Work to be completed:
Every picture should be left out, but the lines below must be repeated exactly.

Extracted information:
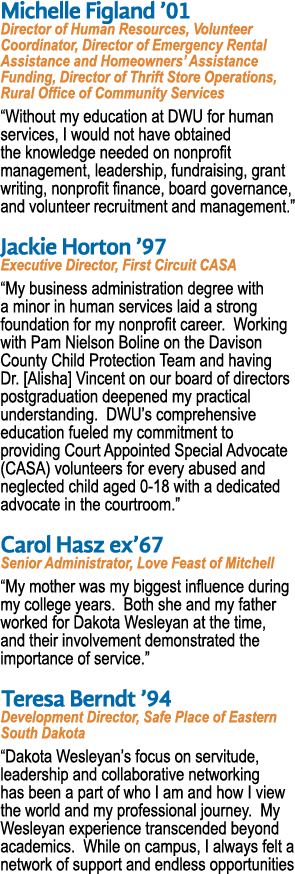 Michelle Figland ’01 Director of Human Resources, Volunteer Coordinator, Director of Emergency Rental Assistance and ...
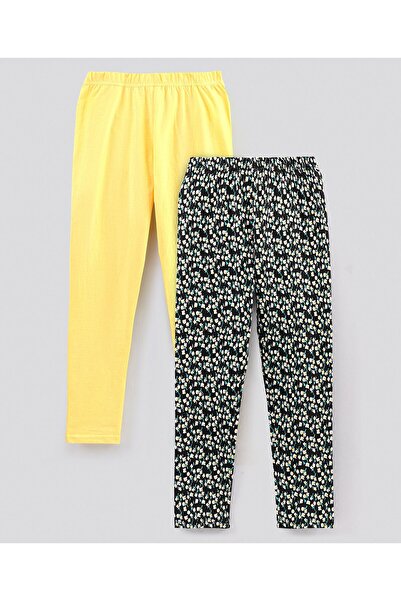 Primo Gino Ankle Length Leggings Solid & Floral Print Pack of 2 - Yellow Black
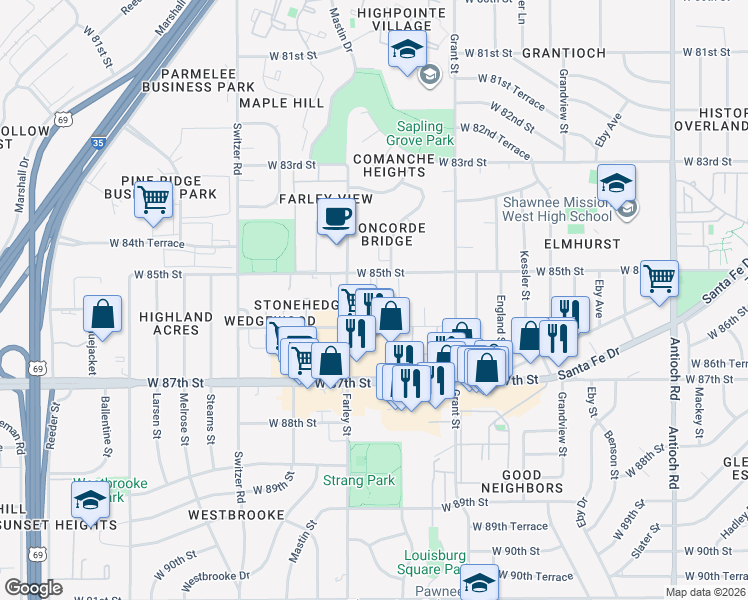 map of restaurants, bars, coffee shops, grocery stores, and more near 9809 West 85th Street in Overland Park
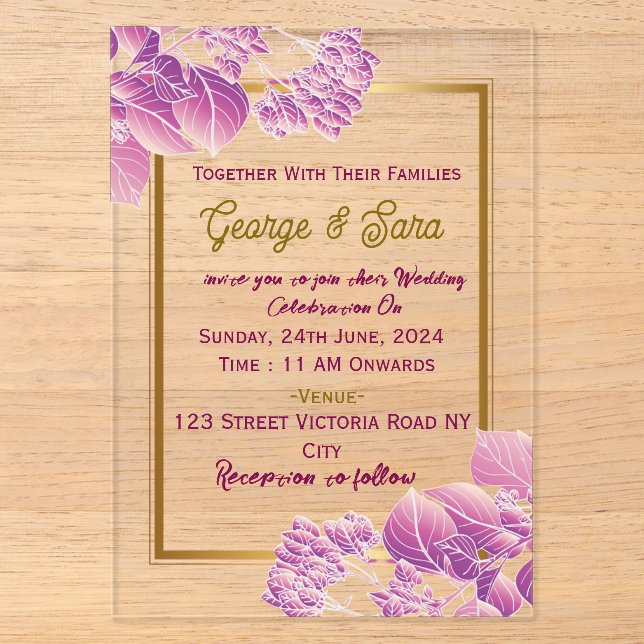 Tarjetas de Invitación de Boda de Acrílico (Anverso)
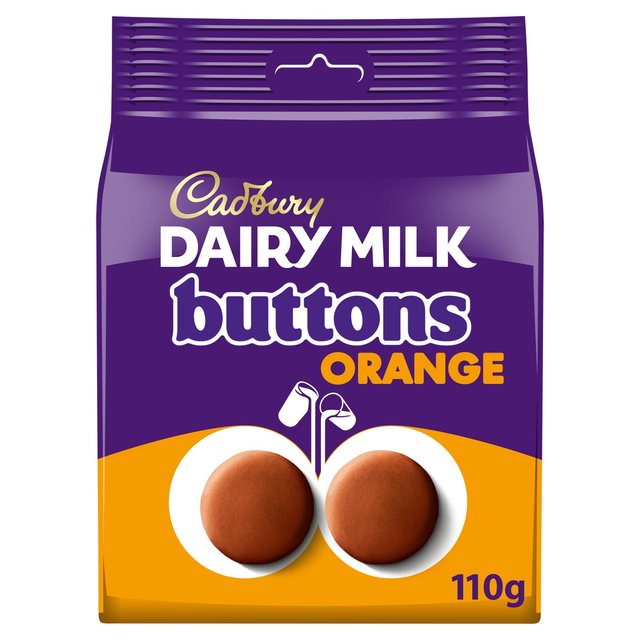Cadbury Dairy Milk Orange Chocolate Giant Buttons Bag, 110g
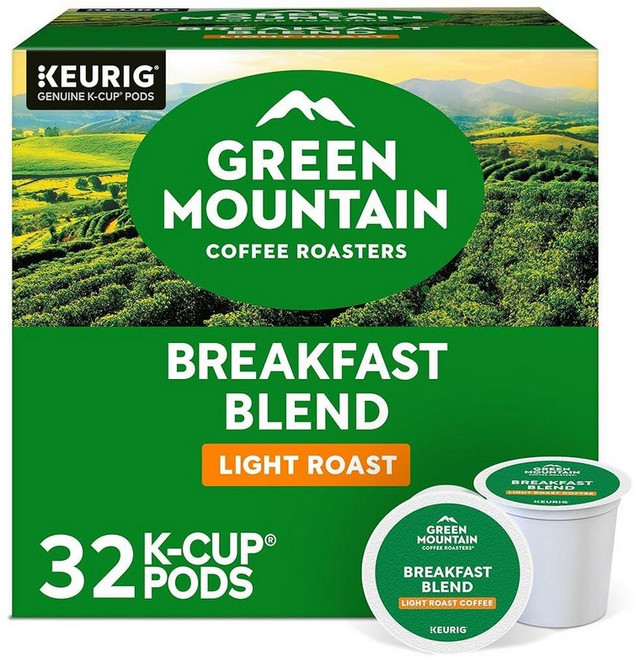 Green Mountain Coffee Roasters Breakfast Blend 1인용 Keurig K컵 포드 라이트 로스트 커피 32개입, 브렉퍼스트 블렌드, 32개 (1팩)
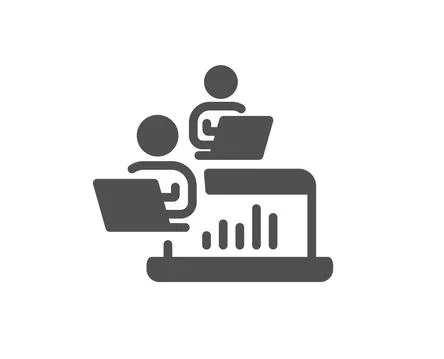 Teamwork icon. Remote office sign. Vector Stock Illustration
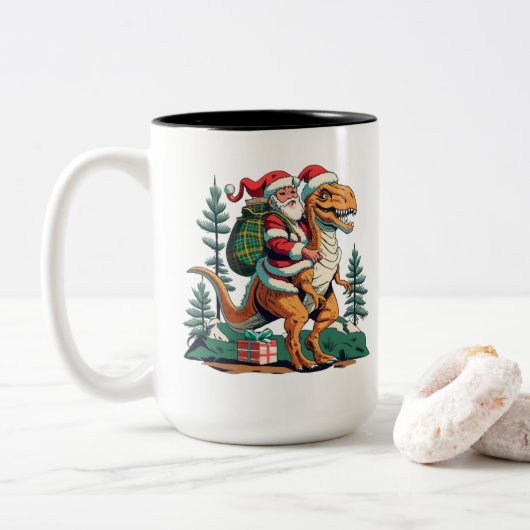 Santa Claus fährt einen Dinosaurier Zweifarbige Tasse (Mit Donut)
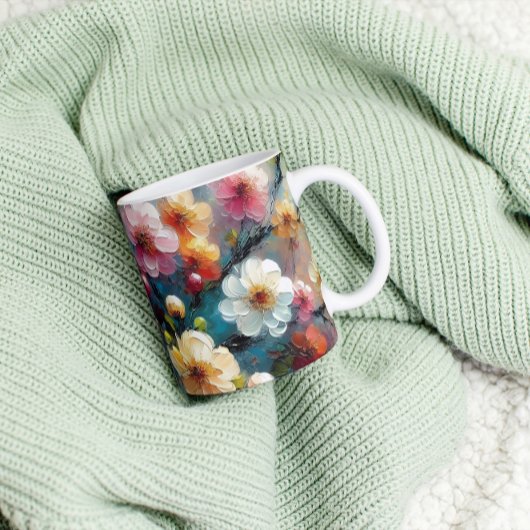 Elegant & lebhaft floral - Blütenfarbig blühen Kaffeetasse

Solution to the problem:
 Michelle Figland ’01 Director of Human Resources, Volunteer Coordinator, Director of Emergency Rental Assistance and ...
 Primo Gino Ankle Length Leggings Solid & Floral Print Pack of 2 - Yellow Black
 map of restaurants, bars, coffee shops, grocery stores, and more near 9809 West 85th Street in Overland Park
 Tarjetas de Invitación de Boda de Acrílico (Anverso)
Cadbury Dairy Milk Orange Chocolate Giant Buttons Bag, 110g
 Green Mountain Coffee Roasters Breakfast Blend 1인용 Keurig K컵 포드 라이트 로스트 커피 32개입, 브렉퍼스트 블렌드, 32개 (1팩)
 Teamwork icon. Remote office sign. Vector Stock Illustration
 Santa Claus fährt einen Dinosaurier Zweifarbige Tasse (Mit Donut)
 Elegant & lebhaft floral - Blütenfarbig blühen Kaffeetasse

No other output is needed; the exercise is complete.